My friends Barbara and Holt have an excellent blog, What Holt and Barbara Had for Dinner, that should appeal to anyone interested in food and/or cooking; their latest post is about gazpacho, both the many ways of making it and the etymology. With regard to the latter they say:
The etymology is wonderful. American Heritage says “Spanish, probably of Mozarabic origin; akin to Spanish caspicias, remainders, worthless things.” But caspicias isn’t attested until 1899.
The Real Academia Española’s Diccionario de la lengua española (22d ed.) has finally tracked it down. We begin with Ancient Greek γάζα (gaza) ‘treasure’; but wait, we can go even further back! Pomponius Mela (and who can doubt him) tells that it’s a Persian word, and sure enough there is a Persian ganj, Sanskrit gañja meaning ‘treasure’ (now before you get excited this is not to be confused with Sanskrit gañjâ meaning ‘hemp’; Hindi gânjh(â)). So we have the Greek word γαζοφυλάκιον (gaza-phulakion) ‘treasure-guarder’, ‘treasure house’. This is borrowed into Mozarabic as *gazpáčo and hence gazpacho, a little treasure house of edibles. Cool, huh, Indo-Iranian through Greek through Arabic to Spanish to our table.

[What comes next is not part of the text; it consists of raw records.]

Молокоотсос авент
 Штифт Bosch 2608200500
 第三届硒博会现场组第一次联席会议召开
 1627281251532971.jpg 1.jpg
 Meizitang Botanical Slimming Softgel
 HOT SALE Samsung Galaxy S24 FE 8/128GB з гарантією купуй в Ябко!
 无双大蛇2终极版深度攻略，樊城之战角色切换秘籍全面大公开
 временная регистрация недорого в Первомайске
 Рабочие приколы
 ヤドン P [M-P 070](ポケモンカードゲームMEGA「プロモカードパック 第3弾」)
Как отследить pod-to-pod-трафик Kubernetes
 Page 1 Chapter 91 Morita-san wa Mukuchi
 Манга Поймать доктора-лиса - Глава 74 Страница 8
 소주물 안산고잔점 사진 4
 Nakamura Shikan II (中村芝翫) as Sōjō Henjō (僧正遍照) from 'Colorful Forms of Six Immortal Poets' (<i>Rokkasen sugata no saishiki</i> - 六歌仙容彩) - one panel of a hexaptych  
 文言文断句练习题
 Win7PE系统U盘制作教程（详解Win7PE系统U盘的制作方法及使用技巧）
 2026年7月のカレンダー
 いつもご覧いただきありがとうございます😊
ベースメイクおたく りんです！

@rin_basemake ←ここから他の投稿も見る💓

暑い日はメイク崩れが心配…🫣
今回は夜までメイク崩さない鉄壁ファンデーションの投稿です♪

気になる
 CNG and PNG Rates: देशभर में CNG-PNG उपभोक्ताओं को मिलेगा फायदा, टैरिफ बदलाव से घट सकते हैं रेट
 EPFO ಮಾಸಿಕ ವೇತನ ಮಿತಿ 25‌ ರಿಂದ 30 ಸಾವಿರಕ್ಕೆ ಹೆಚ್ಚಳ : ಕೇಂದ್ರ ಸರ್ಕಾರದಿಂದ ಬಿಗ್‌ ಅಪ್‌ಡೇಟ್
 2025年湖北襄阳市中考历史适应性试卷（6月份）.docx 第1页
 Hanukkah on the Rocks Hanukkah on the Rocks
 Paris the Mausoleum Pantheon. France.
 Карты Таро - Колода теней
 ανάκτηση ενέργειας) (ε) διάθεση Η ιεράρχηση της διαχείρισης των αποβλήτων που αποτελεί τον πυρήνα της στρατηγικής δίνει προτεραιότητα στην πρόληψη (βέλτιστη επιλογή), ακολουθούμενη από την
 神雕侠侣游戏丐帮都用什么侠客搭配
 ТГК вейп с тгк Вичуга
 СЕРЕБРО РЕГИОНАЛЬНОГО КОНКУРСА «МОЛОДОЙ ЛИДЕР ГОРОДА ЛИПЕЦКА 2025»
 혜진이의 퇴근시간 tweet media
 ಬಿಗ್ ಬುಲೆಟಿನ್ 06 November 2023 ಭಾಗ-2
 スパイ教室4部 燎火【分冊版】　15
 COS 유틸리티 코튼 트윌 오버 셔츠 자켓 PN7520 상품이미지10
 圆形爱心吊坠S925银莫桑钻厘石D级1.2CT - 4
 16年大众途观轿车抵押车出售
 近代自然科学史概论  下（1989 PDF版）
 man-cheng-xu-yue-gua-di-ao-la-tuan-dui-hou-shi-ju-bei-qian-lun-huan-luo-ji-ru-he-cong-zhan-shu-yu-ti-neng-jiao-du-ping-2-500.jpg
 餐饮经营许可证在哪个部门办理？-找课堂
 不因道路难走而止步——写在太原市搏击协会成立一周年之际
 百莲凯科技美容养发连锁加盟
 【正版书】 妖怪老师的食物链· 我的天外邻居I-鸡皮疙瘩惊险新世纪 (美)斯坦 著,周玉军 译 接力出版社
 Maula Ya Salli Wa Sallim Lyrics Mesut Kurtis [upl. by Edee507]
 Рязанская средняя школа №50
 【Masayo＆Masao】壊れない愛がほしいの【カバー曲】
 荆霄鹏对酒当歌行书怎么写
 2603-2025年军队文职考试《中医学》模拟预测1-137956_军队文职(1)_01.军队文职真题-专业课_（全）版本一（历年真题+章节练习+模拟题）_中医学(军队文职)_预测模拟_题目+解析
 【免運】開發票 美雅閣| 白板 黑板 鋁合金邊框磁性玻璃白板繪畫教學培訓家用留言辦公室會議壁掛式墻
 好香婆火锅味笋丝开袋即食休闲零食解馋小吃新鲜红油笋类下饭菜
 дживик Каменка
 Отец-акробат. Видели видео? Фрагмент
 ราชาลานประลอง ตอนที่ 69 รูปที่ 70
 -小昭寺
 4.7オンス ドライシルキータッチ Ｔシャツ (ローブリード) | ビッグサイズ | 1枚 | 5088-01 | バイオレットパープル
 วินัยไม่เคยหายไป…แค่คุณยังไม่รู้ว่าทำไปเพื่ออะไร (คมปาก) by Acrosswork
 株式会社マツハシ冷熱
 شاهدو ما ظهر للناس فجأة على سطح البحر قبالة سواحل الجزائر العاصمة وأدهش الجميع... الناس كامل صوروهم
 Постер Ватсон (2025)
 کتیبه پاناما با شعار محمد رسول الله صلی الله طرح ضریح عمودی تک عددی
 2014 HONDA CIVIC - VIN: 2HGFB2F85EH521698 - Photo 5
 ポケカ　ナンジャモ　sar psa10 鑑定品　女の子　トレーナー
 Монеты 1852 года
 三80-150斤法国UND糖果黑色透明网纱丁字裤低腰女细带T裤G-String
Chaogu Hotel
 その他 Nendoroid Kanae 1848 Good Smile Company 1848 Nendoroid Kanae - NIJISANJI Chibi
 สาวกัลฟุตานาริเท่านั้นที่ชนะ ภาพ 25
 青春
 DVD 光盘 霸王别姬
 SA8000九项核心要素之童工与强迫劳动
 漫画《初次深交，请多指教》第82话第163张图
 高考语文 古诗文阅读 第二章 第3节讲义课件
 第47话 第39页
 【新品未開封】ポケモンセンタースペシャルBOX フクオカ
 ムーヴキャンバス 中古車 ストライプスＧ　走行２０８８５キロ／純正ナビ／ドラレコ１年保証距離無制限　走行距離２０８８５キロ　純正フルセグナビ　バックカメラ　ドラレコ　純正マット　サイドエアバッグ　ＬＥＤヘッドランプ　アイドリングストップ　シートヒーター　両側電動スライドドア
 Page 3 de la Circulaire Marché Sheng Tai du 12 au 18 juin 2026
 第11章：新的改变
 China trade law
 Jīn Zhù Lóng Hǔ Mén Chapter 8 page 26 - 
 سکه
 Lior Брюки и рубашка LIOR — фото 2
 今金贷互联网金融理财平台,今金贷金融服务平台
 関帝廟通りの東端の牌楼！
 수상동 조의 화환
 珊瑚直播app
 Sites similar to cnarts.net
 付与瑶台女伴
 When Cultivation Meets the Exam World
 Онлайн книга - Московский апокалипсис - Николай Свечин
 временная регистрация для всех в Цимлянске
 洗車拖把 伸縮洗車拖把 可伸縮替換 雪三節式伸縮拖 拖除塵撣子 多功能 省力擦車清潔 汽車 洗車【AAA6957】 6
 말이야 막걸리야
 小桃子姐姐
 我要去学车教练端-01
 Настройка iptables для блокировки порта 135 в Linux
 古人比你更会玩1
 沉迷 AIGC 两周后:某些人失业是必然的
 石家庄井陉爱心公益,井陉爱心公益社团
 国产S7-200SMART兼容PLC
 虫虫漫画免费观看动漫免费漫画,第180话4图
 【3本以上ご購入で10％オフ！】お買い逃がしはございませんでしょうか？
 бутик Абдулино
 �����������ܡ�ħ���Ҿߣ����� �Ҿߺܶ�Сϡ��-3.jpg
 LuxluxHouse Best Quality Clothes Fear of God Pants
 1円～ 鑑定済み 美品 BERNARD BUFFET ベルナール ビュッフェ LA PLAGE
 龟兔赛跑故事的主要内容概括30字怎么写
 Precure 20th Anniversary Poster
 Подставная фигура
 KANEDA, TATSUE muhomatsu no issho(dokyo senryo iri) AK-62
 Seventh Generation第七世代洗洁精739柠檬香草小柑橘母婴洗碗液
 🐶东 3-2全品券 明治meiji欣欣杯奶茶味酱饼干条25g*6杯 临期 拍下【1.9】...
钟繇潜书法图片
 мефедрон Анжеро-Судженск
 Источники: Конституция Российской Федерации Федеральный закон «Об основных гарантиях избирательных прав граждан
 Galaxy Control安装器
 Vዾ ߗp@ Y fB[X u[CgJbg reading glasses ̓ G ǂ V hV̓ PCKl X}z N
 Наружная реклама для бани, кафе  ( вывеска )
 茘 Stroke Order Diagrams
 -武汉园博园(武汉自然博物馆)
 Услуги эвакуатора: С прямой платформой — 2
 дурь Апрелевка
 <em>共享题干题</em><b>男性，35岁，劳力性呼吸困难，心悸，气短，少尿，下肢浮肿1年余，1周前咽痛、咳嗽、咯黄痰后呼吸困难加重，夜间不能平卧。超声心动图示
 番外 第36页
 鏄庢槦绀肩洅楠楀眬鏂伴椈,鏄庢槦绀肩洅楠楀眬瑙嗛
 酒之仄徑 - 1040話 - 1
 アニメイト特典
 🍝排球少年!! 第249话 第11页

If Language Hat can get me an etymology for gañja (and the other ganja, too), I’d appreciate it. Our cheap-ass university doesn’t have a copy of Mayrhofer’s Kurzgefasstes (!) etymologisches Wörterbuch des Altindischen. We’re all waiting for the musical.
Needless to say, the first thing I did was go to the OED, where I was confronted with the extremely helpful etymology “[Sp.]” I’m afraid I don’t have Mayrhofer (which lists for $995), nor do I have any useful ideas about the etymology except to suggest that the Real Academia is reaching (I’m sorry, but gazofilákion ‘repository of treasure’ > gazpacho ‘cold soup’ is quite a leap, and it doesn’t seem obvious to me that the Greek word would give Mozarabic *gazpáčo, which of course is a hypothetical form anyway. So I thought I’d appeal to the varied LH readership, in particular to those interested in culinary etymology (MMcM, I’m looking at you!): any thoughts on the subject?